A 24-year-old quadriplegic man has regained his ability to pick up objects, stir liquids, swipe a credit card, and yep, play Guitar Hero, thanks to a new brain implant that allows him to control the muscle movement in his arms, hands, and fingers with just his thoughts.
The world-first device, called NeuroLife, allows the brain to communicate directly with muscles in paralysed limbs – effectively bypassing the damaged spinal cord altogether. And as you can see in the video below, the results are pretty freaking cool.
“In the 30 years I’ve been in this field, this is the first time we’ve been able to offer realistic hope to people who have very challenging lives,” says one of inventors, Jerry Mysiw from Ohio State University. “What we’re looking to do is help these people regain more control over their bodies.”
The NeuroLife device – which is basically a pea-sized computer chip – was implanted into Ohio man, Ian Burkhart’s, brain during a 3-hour surgical procedure back in 2014. Burkhart has been paralysed from the shoulders down for the past six years, following a severe diving accident in 2010.
Once in place, complex algorithms in the chip learn and decode specific thoughts and neural signals related to muscle control, and instructions are then transmitted to a special sleeve worn by the patient in less than a tenth of a second. Sensors in the sleeve stimulate the muscles in the paralysed limbs to move according to those instructions.
But programming the chip to know which types of brain signals to interpret or ignore, and then which electrodes on the sleeve to stimulate and when, was no easy task – researchers from Ohio State and Battelle Memorial Institute have been figuring this out for over the better part of a decade. The Ohio State team explains:
“For example, Burkhart uses different brain signals and muscles to rotate his hand, make a fist or pinch his fingers together to grasp an object. As part of the study, Burkhart worked for months using the electrode sleeve to stimulate his forearm to rebuild his atrophied muscles so they would be more responsive to the electric stimulation.”
Having worked with the device for two years now, Burkhart is showing incredible progress, starting with simple grasping motions back in 2014, and advancing to more sophisticated movements such as picking up a spoon and stirring a drink with it, or strumming chords on a guitar.

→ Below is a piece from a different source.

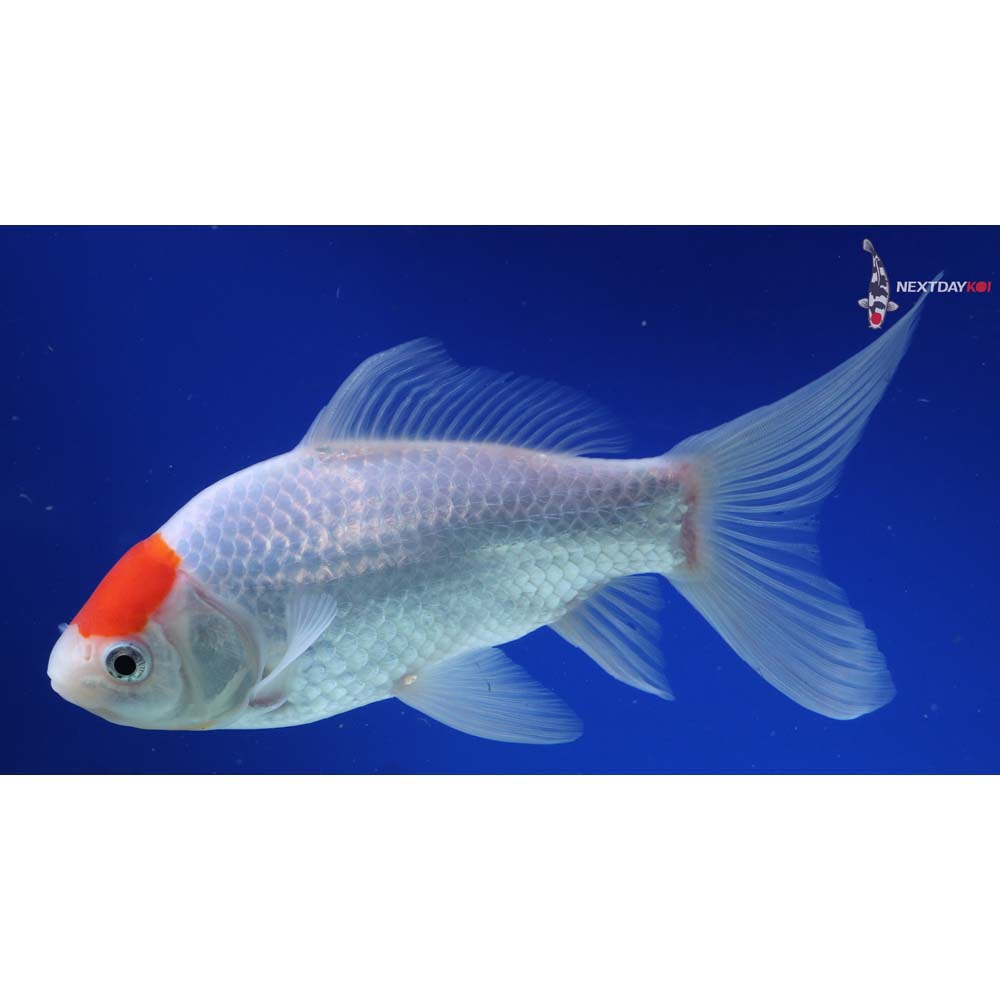 8” Imported Tancho Sarasa Comet
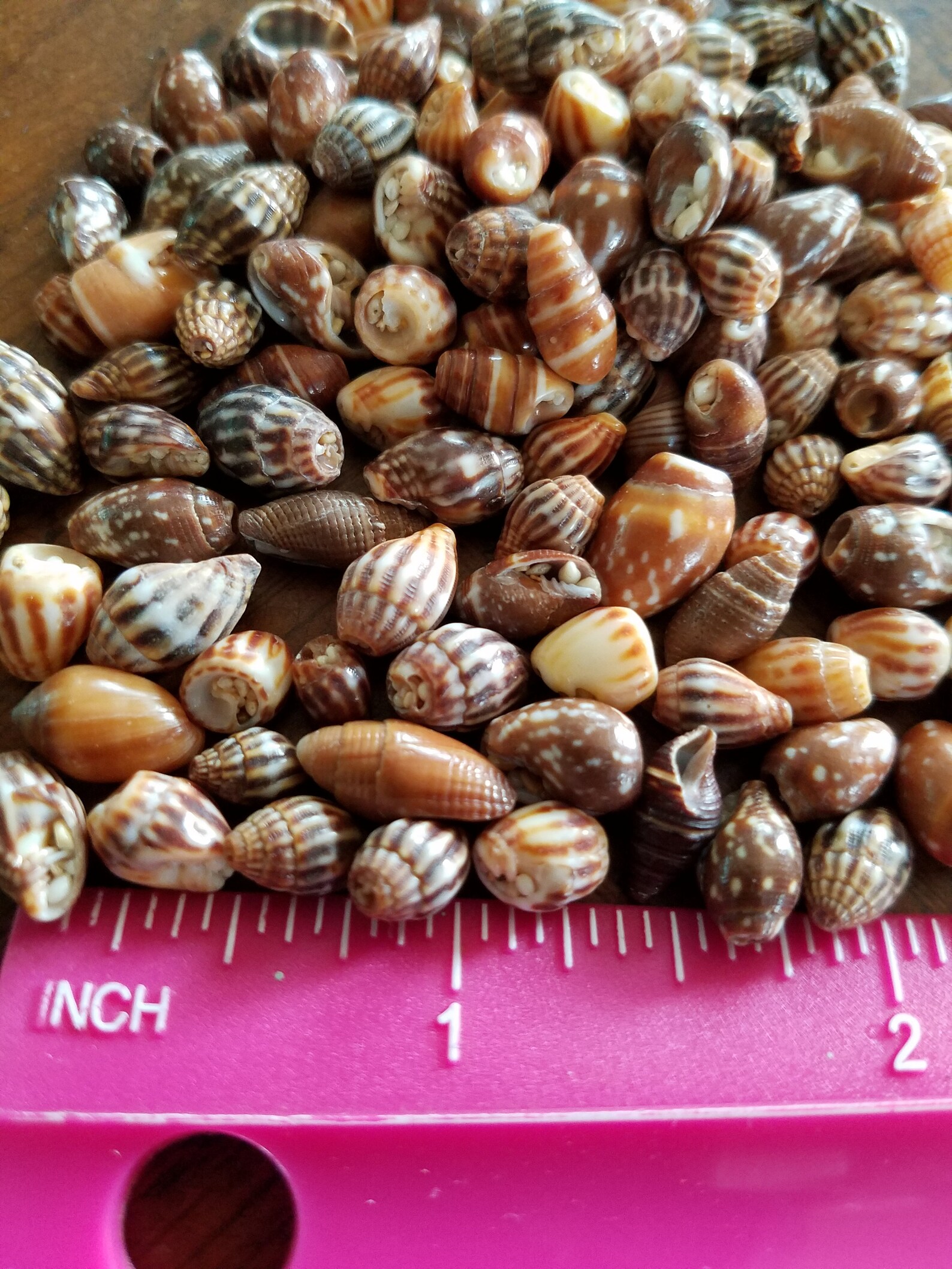 Rare Hawaiian seashelltiny seashellsbrown seashellsmiter Etsy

“During the last decade, we’ve learned how to decipher brain signals in patients who are completely paralysed and now, for the first time, those thoughts are being turned into movement,” said one of the team, Chad Bouton, formerly of Battelle. “Our findings show that signals recorded from within the brain can be re-routed around an injury to the spinal cord, allowing restoration of functional movement and even movement of individual fingers.”
The results have been published in Nature today, and the team has announced that a second candidate will begin the study next summer. They say the primary goal of the research is to upgrade it to a wireless system and make it readily available to all kinds of patients dealing with spinal injuries.

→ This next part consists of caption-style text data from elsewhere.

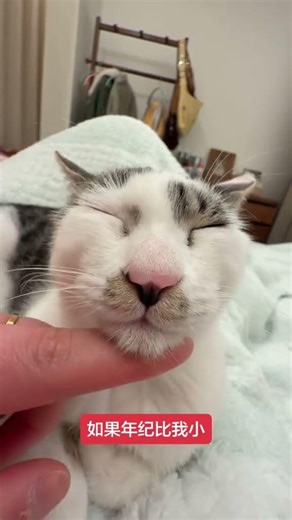 Ugly Cat Revisited: The Right Way to Pet & Cat Face Attack Fun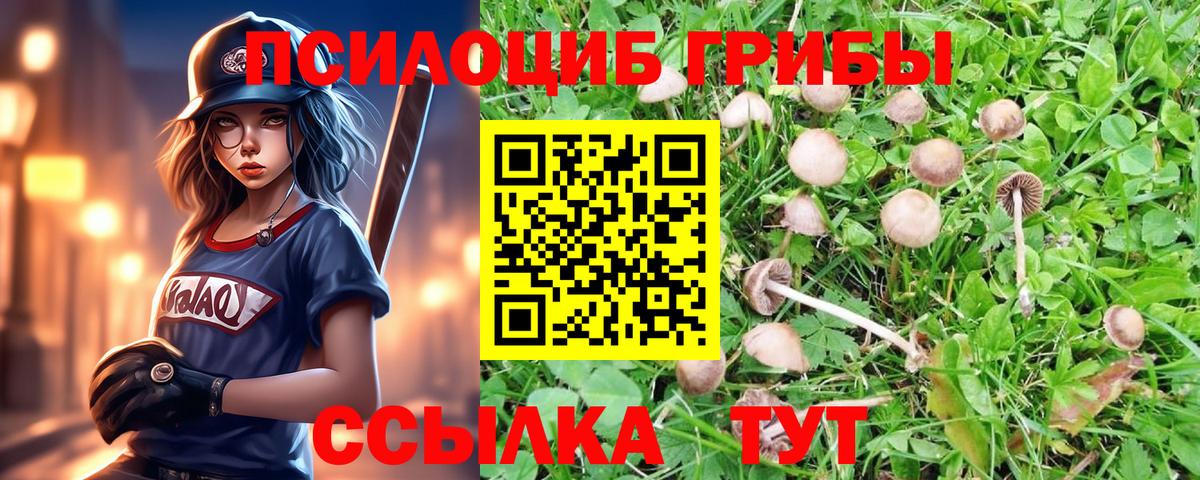 Галлюциногенные грибы Cubensis Бор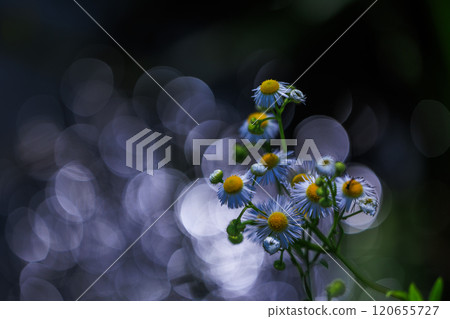 White flower surrounded by sparkling gems 120655727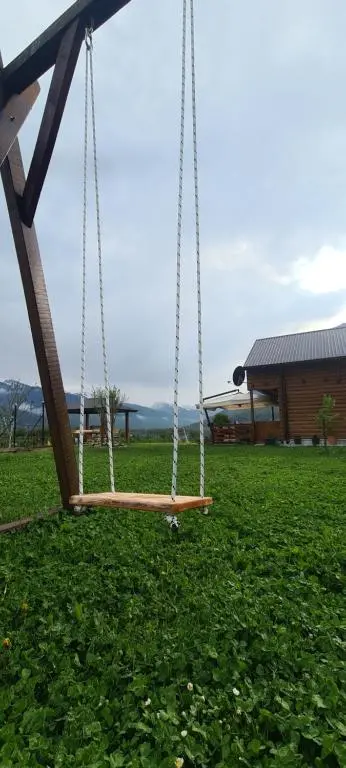 img_id_2353868.webp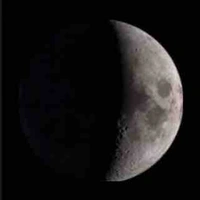 Mẹ NV thập cẩm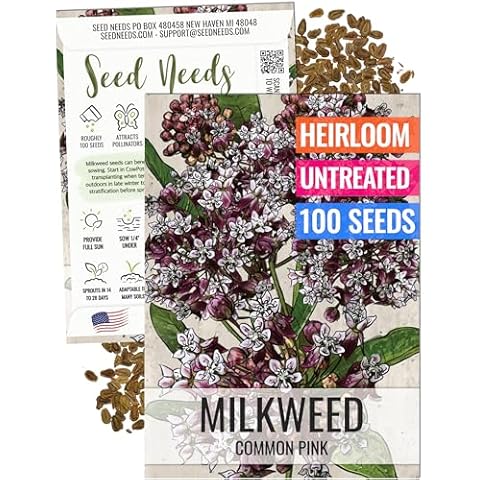 Seed Needs, Pink Common Milkweed Seeds Cover
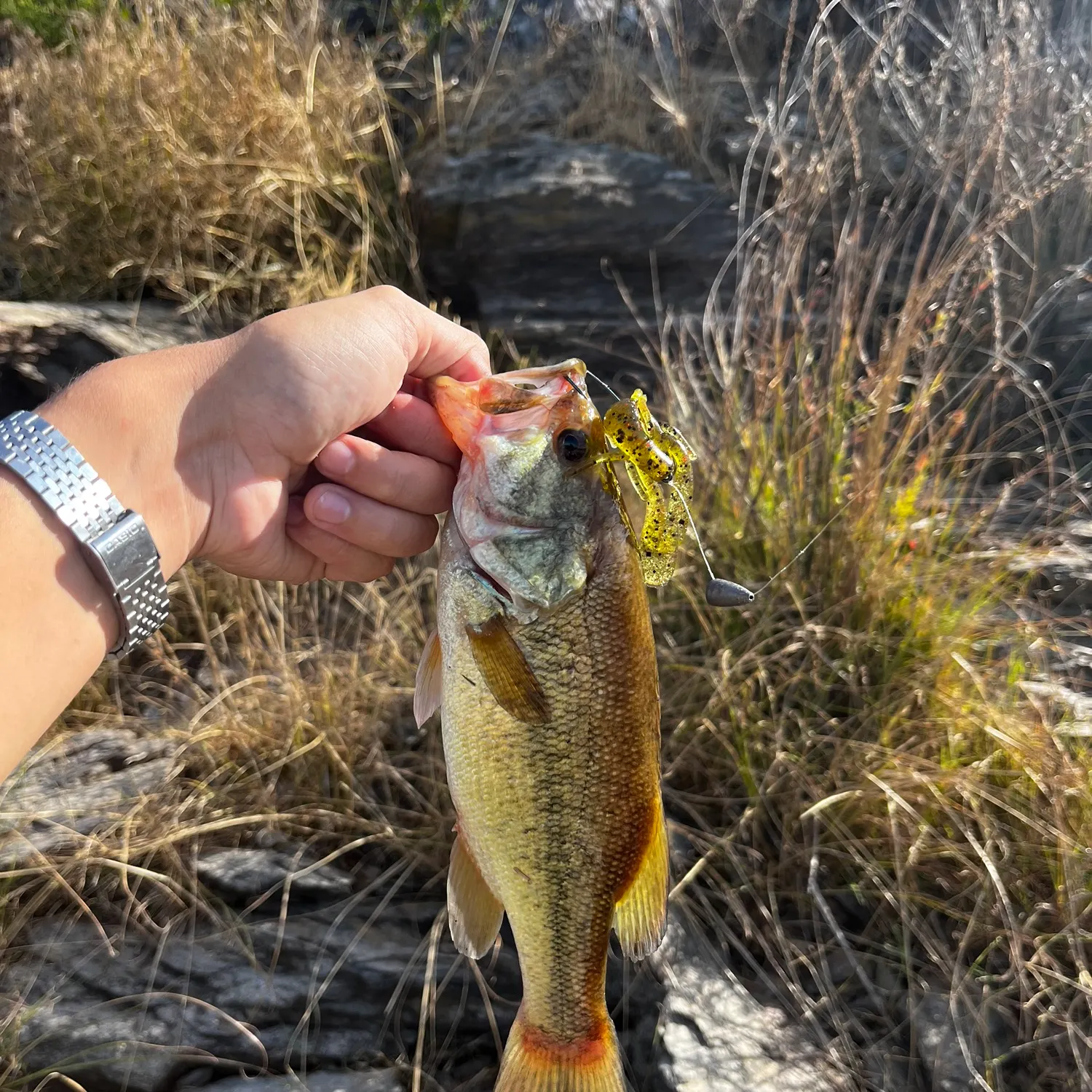 Largemouth bass caught on Fishbrain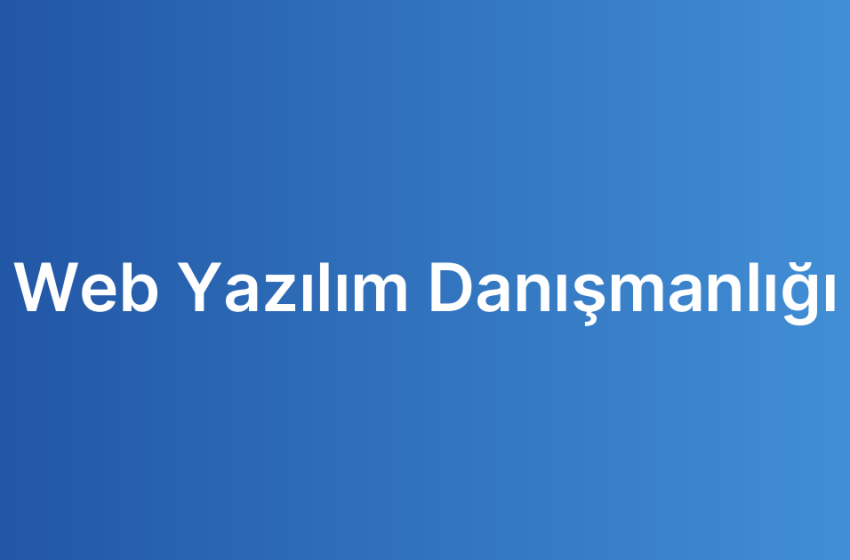 Web Yazılım Danışmanlığı
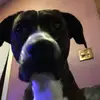 Jason Neace - @addisonx60 - TikTok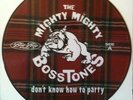 Mighty Mighty Bosstones Don't Know How To Party Plaid 12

For Burkhart, it hasn’t been an easy couple of years learning how to wrangle this new device, but he wouldn’t have it any other way. “I just kind of think that it’s my obligation to society,” he said. “If someone else had an opportunity to do it in some other part of the world, I would hope that they would commit their time so that everyone can benefit from it in the future.”
The future just keeps on looking brighter and brighter for people like Burkhart, and we can’t wait to see how they progress.